EXERCISE DIRECTIONS -
Leaving pictures aside, set down each line exactly, from the first line of the data to the line with "Maya Breeze Inn in Placencia, Belize", both included.

DATA SEGMENT -
——————
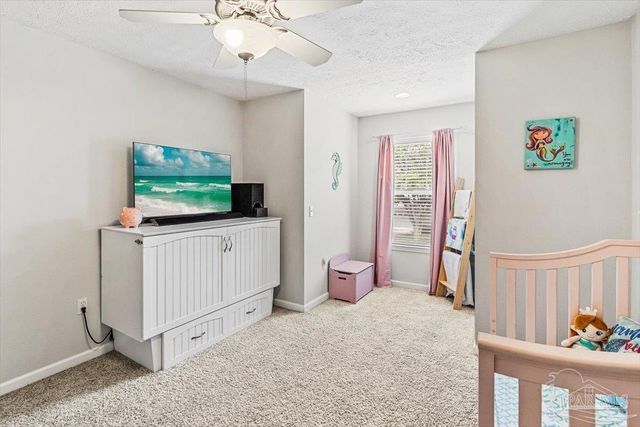 1391 Tiger Lake Dr, Gulf Breeze, FL 32563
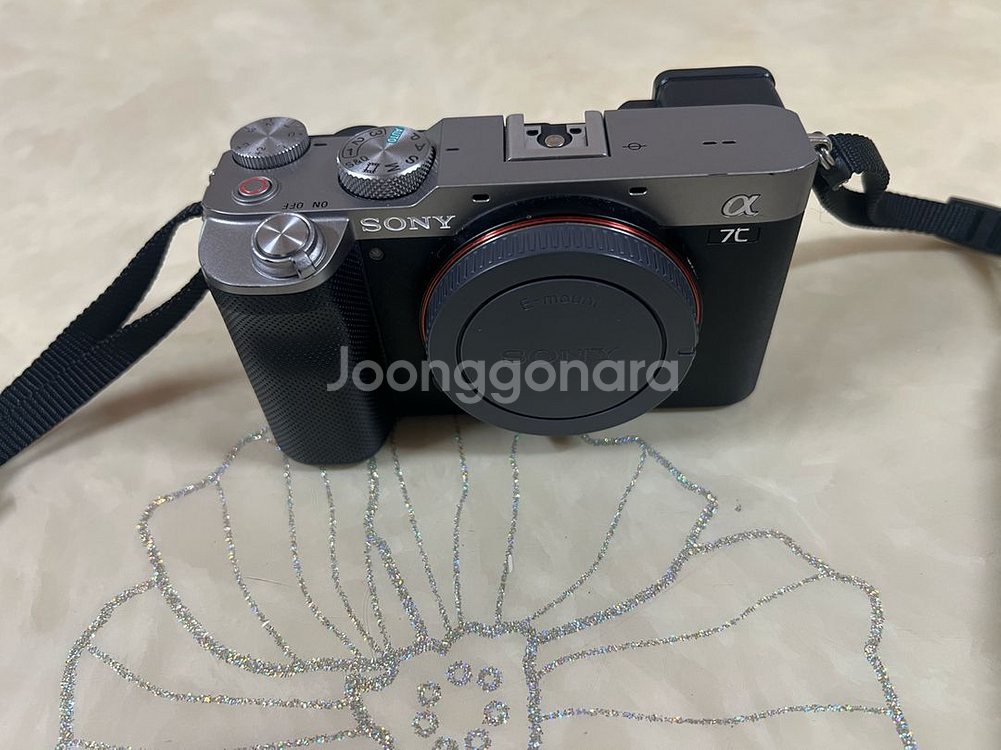 소니 a7c 팝니다--0
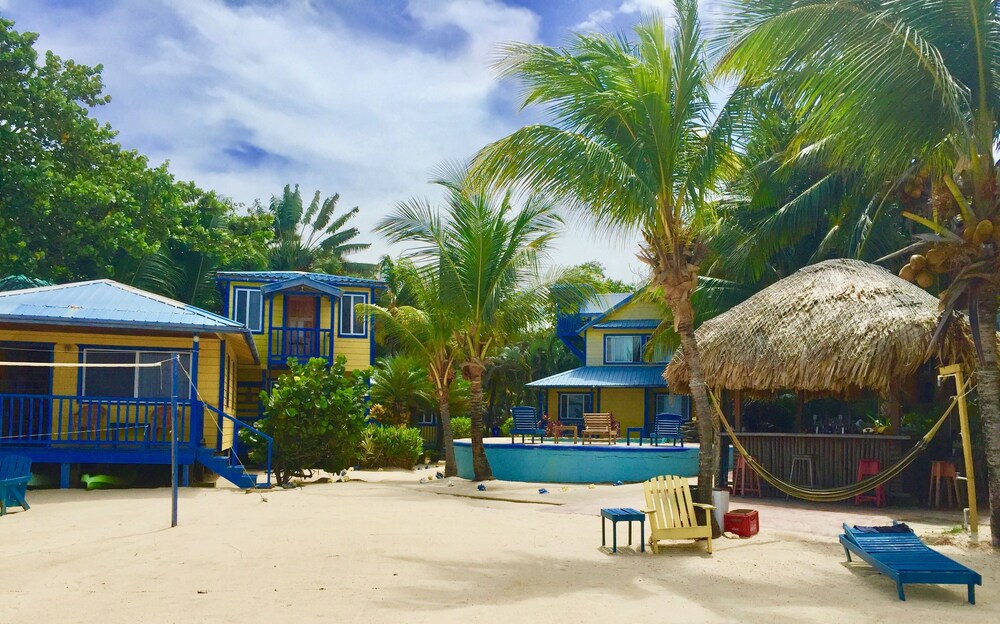 Maya Breeze Inn in Placencia, Belize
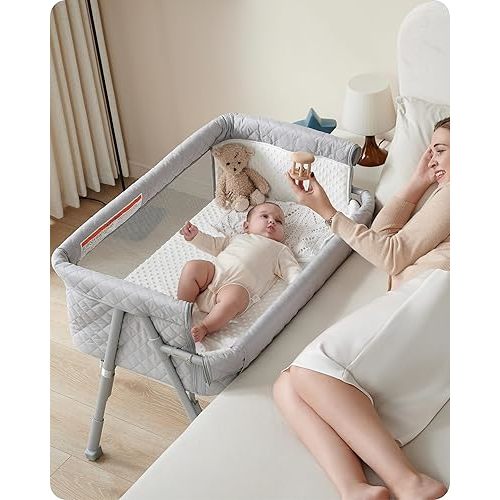 BEKA Bassinet Bedside Sleeper for Baby, 2 in 1 Baby Crib for Newborn, Bedside Bassinet with 4 Auto-Lock Wheels & Adjustable Height, Breathable Mesh Sides & Soft Mattress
——————
ANSWER -
 1391 Tiger Lake Dr, Gulf Breeze, FL 32563
 소니 a7c 팝니다--0
 Maya Breeze Inn in Placencia, Belize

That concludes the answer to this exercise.